## WORK REQUIRED
Scan the records below. List lines holding "different".

=== RECORDS FOR THIS TASK ===

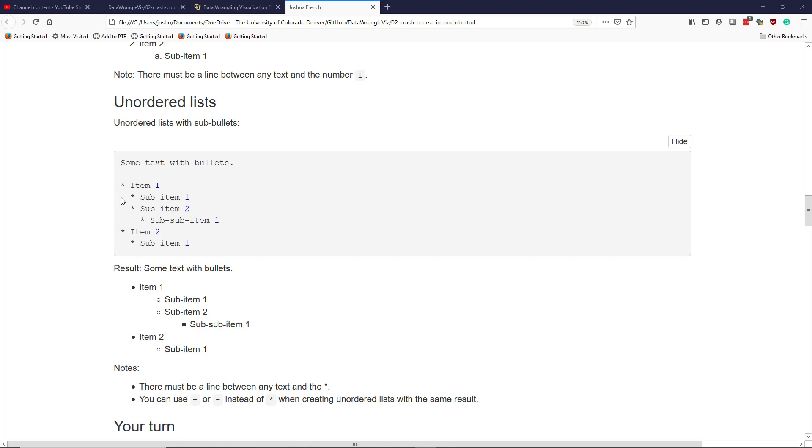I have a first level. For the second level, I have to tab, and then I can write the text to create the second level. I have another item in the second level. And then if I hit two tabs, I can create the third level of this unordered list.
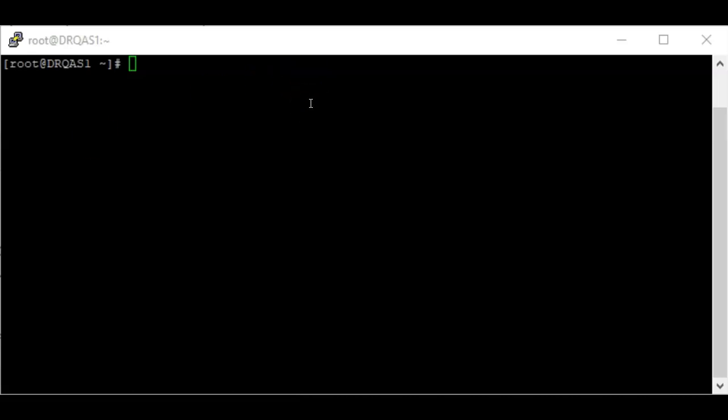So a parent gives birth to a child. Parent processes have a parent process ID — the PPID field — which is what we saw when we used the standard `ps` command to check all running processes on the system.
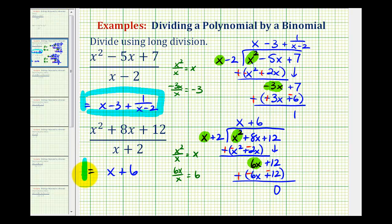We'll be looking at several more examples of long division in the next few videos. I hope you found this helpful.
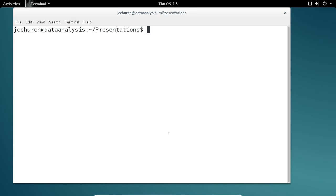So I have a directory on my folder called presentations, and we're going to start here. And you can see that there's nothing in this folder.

===
=== RECORDS FOR THIS TASK ===

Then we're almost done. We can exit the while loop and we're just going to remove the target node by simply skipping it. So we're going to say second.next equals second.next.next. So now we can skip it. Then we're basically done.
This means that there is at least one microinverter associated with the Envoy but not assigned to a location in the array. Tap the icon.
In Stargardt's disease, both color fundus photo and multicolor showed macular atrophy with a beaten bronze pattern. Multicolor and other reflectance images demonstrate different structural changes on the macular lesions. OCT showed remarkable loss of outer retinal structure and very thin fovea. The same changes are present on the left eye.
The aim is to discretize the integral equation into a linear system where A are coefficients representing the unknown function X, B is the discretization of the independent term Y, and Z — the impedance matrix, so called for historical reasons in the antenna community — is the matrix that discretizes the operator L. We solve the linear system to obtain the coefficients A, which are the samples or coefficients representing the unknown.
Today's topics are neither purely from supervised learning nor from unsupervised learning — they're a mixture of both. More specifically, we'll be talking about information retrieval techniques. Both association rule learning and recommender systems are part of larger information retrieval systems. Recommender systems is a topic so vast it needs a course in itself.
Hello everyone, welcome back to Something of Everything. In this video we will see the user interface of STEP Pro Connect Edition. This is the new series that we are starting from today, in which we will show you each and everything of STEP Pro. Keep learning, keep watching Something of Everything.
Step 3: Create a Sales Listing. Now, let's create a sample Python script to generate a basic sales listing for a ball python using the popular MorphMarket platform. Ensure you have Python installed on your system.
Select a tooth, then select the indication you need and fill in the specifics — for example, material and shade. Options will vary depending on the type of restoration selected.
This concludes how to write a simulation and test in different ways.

===
=== RECORDS FOR THIS TASK ===

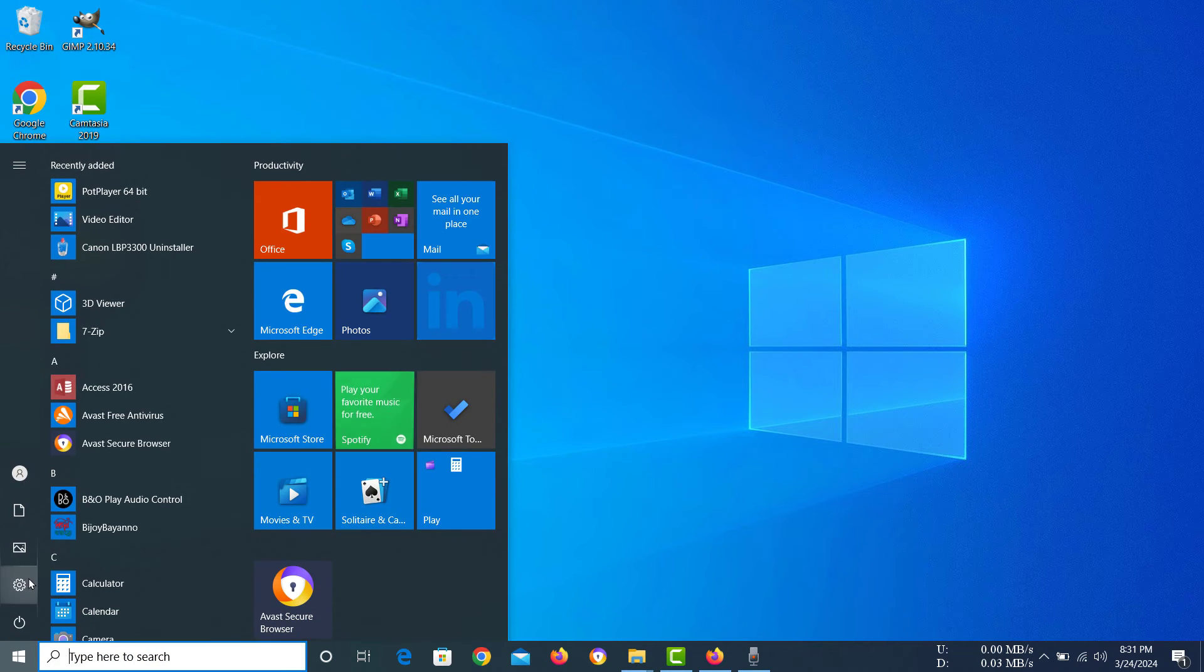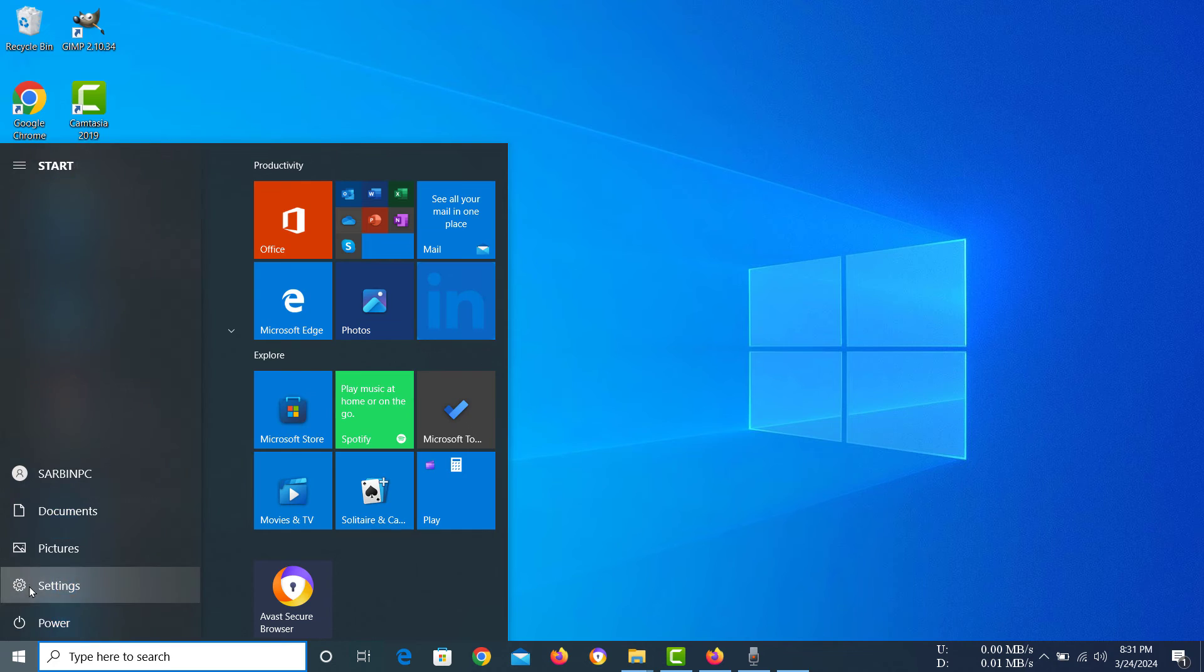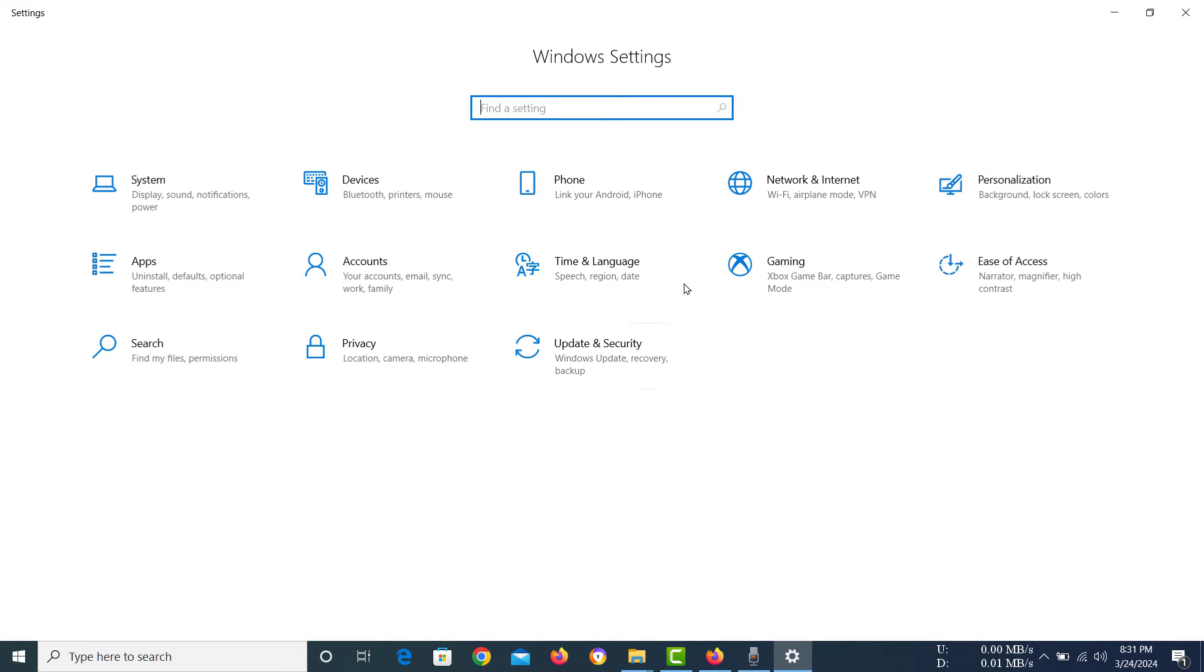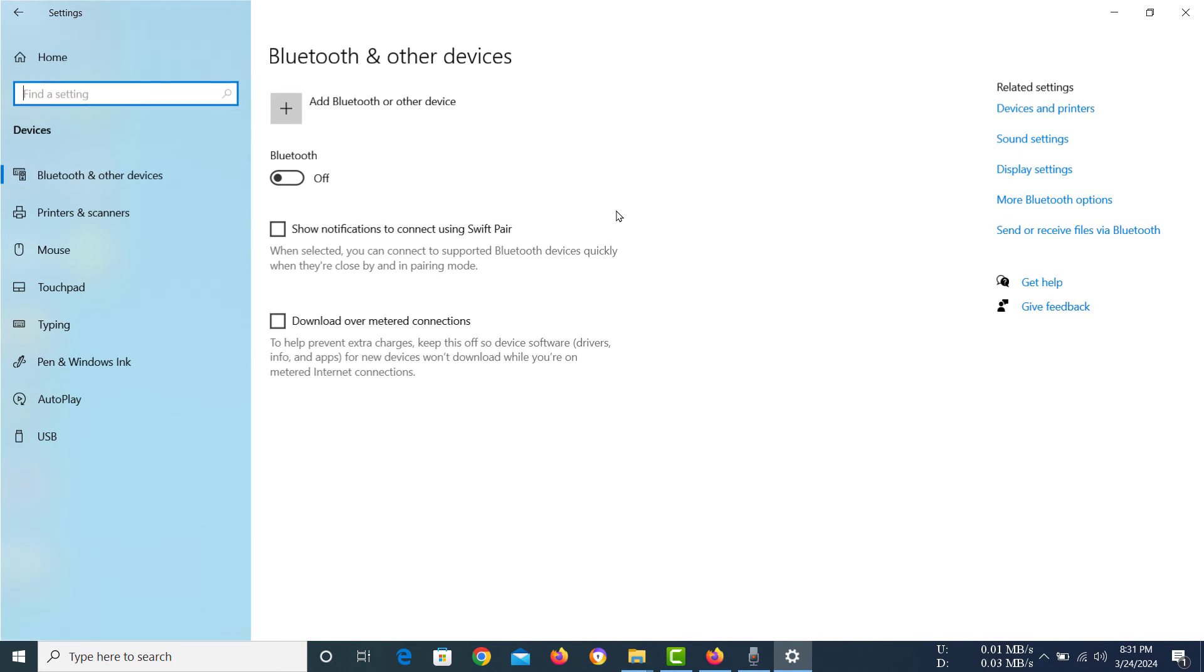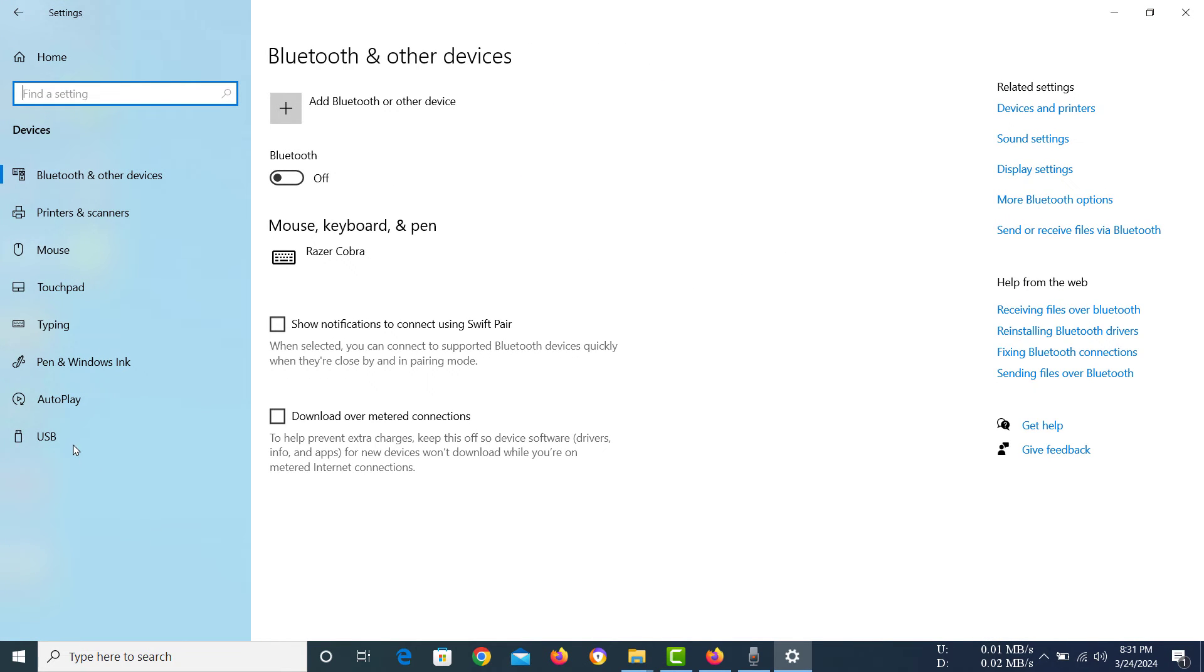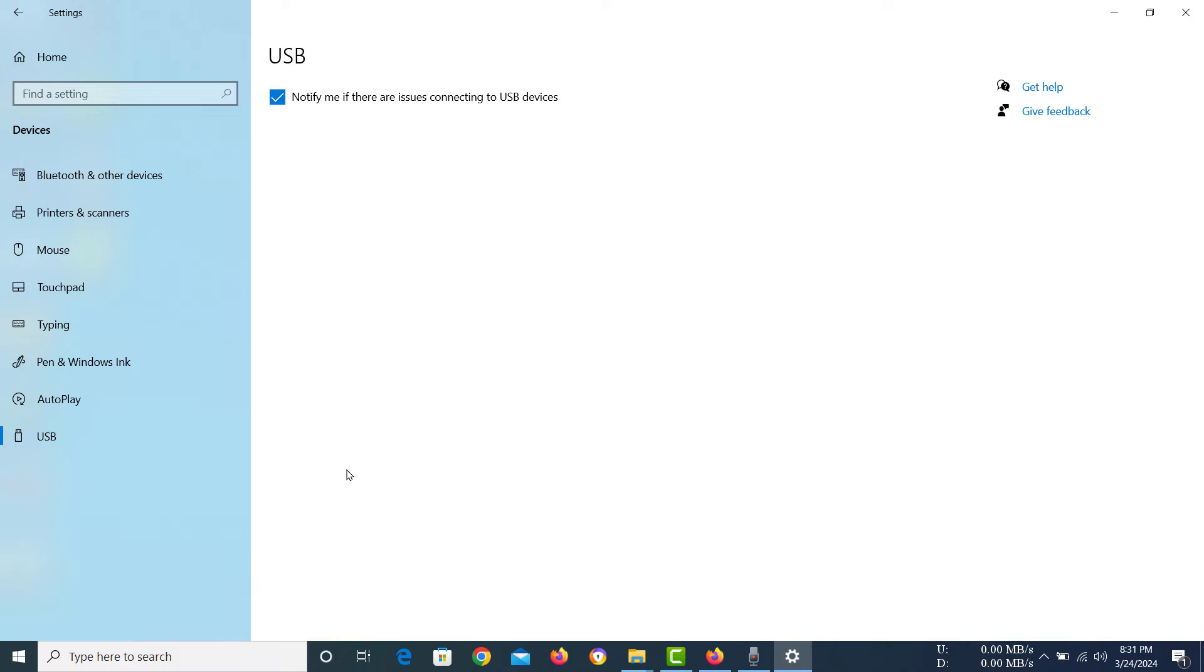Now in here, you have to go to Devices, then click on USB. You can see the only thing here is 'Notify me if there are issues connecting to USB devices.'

===

## SOLVED EXERCISE
In Stargardt's disease, both color fundus photo and multicolor showed macular atrophy with a beaten bronze pattern. Multicolor and other reflectance images demonstrate different structural changes on the macular lesions. OCT showed remarkable loss of outer retinal structure and very thin fovea. The same changes are present on the left eye.
This concludes how to write a simulation and test in different ways.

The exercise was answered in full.